__Material for this task__:

======

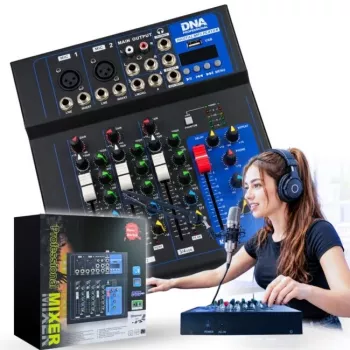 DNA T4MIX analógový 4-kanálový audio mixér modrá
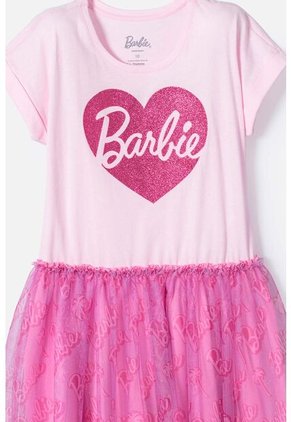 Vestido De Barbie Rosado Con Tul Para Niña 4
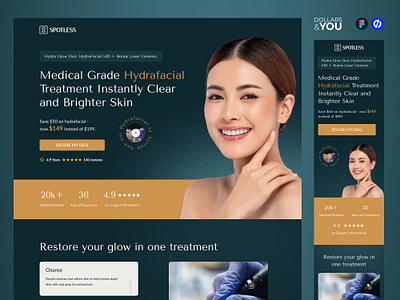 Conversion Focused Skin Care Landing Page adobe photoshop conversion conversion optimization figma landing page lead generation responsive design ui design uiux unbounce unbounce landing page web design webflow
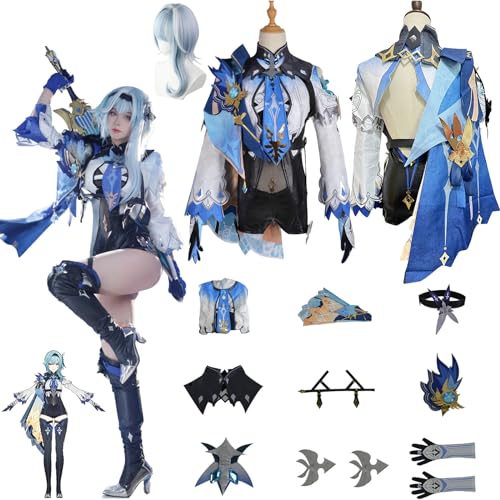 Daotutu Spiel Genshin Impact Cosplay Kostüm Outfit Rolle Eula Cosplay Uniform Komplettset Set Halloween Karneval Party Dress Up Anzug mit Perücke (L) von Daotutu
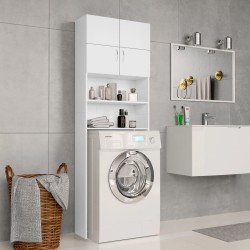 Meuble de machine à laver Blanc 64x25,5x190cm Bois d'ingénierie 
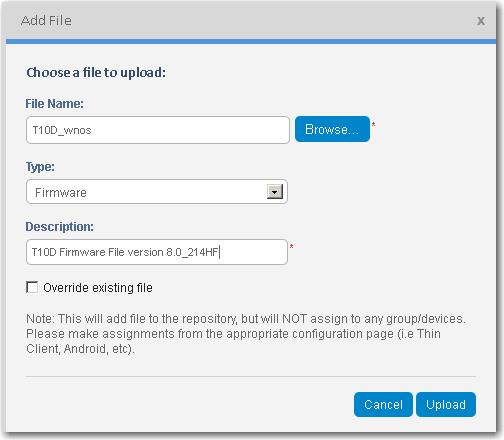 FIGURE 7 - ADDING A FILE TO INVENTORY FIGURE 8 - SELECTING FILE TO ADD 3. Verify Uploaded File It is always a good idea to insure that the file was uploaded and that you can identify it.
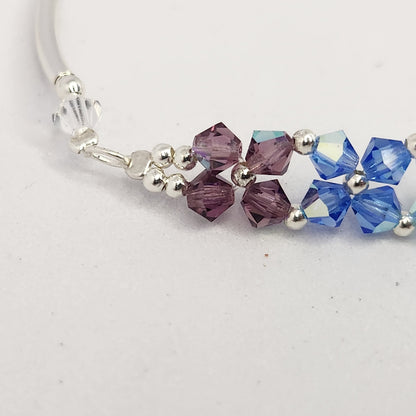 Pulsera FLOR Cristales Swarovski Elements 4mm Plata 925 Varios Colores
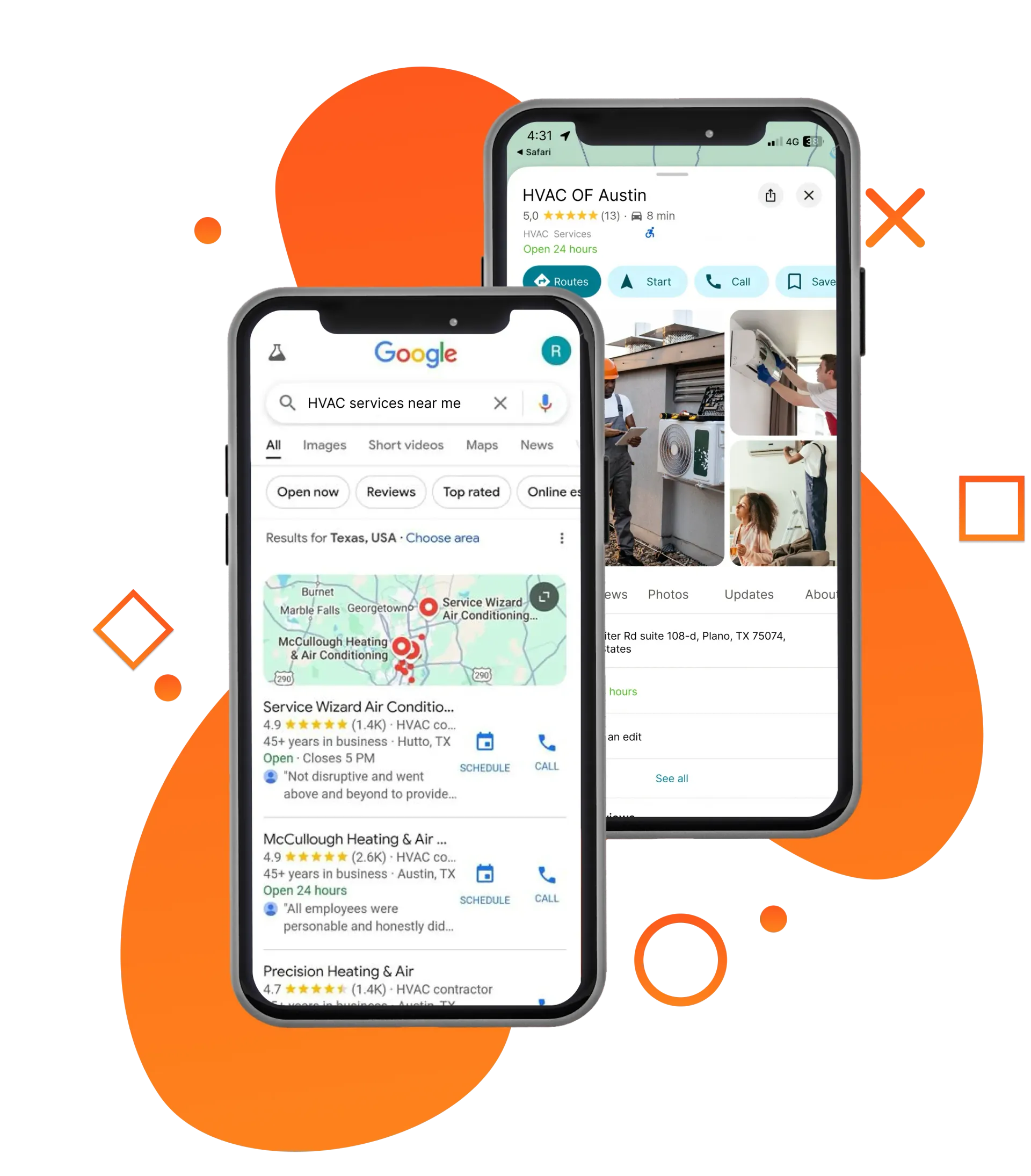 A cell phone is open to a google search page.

======

__Exercise details__: In the records above, find the line containing "FIGURE 7 - ADDING". Reproduce it and every line after it through the last line, omitting pictures.

__Exercise answer__:
 FIGURE 7 - ADDING A FILE TO INVENTORY FIGURE 8 - SELECTING FILE TO ADD 3. Verify Uploaded File It is always a good idea to insure that the file was uploaded and that you can identify it.
 Pulsera FLOR Cristales Swarovski Elements 4mm Plata 925 Varios Colores
 A cell phone is open to a google search page.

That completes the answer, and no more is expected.